Замираю на полуслове с открытым ртом.
– Как? Я где-то ошибся?
– Ошибся не ты, ошибся компьютер. Хода конь е три он даже не рассматривал. Хотя и выходил на эту позицию.
Медленно перевариваю смысл сказанного. Офигенный плюс шахматам. Человек в чём-то превзошёл компьютер. Сказка!
– Посмотри на это в преддверии грядущего чемпионата мира, – усмехается Дима.
Задумываюсь. Гонорары возрастут непременно. А вот дальше... А дальше наверняка придётся играть с машиной, что означает проигрыш. Выиграть в шахматы у компьютера можно было в двадцатом веке. В крайнем случае – в первые десять лет двадцать первого. Сейчас то время ушло. А вместе с ним ушла и надежда.
– Отвезите меня домой, – тихо прошу я.
– Хорошо! – Владимир Михалыч улыбается. – Тебе необходимо отдохнуть.
Около моего дома Дима выходит из машины и крепко жмёт мне руку.
– Спасибо!
– За что? – не понимаю я.
– Сегодня ты обыграл не только Пашу. Ты обыграл компьютер. И поднял в глазах зрителей престиж шахматиста. Мой престиж в том числе. Спасибо.
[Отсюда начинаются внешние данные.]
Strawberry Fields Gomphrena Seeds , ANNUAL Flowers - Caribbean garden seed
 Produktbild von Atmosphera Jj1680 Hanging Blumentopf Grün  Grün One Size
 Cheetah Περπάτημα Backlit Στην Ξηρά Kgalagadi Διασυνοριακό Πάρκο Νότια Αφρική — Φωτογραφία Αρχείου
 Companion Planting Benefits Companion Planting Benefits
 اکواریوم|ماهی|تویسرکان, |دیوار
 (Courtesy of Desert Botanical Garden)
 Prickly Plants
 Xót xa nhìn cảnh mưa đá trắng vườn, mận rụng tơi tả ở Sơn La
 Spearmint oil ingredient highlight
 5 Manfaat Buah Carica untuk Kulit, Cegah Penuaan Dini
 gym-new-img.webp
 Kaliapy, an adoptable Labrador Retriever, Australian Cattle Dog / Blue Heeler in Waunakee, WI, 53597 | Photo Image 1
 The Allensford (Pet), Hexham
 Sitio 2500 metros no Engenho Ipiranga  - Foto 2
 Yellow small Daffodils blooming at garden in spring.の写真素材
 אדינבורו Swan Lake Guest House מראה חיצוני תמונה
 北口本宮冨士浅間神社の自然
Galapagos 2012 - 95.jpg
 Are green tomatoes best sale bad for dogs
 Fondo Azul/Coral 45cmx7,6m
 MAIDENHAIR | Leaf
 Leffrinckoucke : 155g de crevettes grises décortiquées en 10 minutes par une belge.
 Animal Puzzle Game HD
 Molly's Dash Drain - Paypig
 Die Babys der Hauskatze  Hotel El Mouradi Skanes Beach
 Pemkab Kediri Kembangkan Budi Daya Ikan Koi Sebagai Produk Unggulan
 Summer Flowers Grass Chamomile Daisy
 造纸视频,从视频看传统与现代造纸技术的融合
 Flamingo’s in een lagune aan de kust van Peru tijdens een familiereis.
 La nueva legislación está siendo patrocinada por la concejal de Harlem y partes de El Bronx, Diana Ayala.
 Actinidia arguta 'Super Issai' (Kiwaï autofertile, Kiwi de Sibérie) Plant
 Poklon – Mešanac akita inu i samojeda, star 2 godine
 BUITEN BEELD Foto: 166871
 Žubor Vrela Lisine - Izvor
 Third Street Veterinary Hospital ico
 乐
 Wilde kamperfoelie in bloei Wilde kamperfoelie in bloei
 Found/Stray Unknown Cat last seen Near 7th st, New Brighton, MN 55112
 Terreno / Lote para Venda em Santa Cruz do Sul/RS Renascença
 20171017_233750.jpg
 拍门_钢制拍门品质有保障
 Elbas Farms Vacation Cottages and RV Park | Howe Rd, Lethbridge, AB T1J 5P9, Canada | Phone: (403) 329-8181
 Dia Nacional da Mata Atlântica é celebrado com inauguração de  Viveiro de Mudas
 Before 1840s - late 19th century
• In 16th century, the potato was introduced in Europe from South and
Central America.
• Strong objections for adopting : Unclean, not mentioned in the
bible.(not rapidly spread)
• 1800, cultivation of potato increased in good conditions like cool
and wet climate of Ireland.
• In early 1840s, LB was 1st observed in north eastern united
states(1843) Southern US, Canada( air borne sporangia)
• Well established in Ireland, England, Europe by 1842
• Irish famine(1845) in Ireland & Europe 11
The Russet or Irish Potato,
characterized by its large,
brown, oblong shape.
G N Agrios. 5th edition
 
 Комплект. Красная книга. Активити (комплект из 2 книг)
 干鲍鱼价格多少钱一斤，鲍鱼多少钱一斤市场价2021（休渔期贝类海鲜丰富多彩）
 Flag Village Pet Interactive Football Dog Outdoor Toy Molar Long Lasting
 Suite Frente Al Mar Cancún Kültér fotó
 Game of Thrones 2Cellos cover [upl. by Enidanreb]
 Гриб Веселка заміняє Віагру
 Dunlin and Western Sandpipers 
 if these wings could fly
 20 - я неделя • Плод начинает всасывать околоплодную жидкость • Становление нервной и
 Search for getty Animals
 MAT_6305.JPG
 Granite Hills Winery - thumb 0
Я поднимаюсь по лестнице. На шестом этаже на площадке меня уже поджидает представитель пишущей братии. Его выдаёт бегающий взгляд и крепко зажатый в руке диктофон.
– Ваши комментарии по поводу прошедшей партии?
– Я её свёл вничью.
– Чем вызвана ваша ошибка на тридцать втором ходу?
– Пытался сыграть на время, расслабился, – отвечаю я.
– Как вы нашли гениальный ход конь е три?
Широко улыбаюсь.
– Просто увидел. Интуиция гроссмейстера. Кстати Паша, как я понял, тоже его видел. Так что ничего гениального тут нет.
– А вы знаете, что МАК-3 этого хода не нашёл?
Я улыбаюсь ещё шире.
– Интуиция свойственна только человеку, у компьютера её быть не может.
С этими словами закрываю дверь. Действительно, у компьютера нет интуиции. Ему она и не нужна. С его базами данных и возможностями расчёта компьютер на голову выше любого шахматиста. И это убивает интерес к шахматам...
Сажусь за стол, на котором небрежно расставлены фигуры. Мне необходимо очень много заниматься. Иначе как я смогу обыграть МАК-3?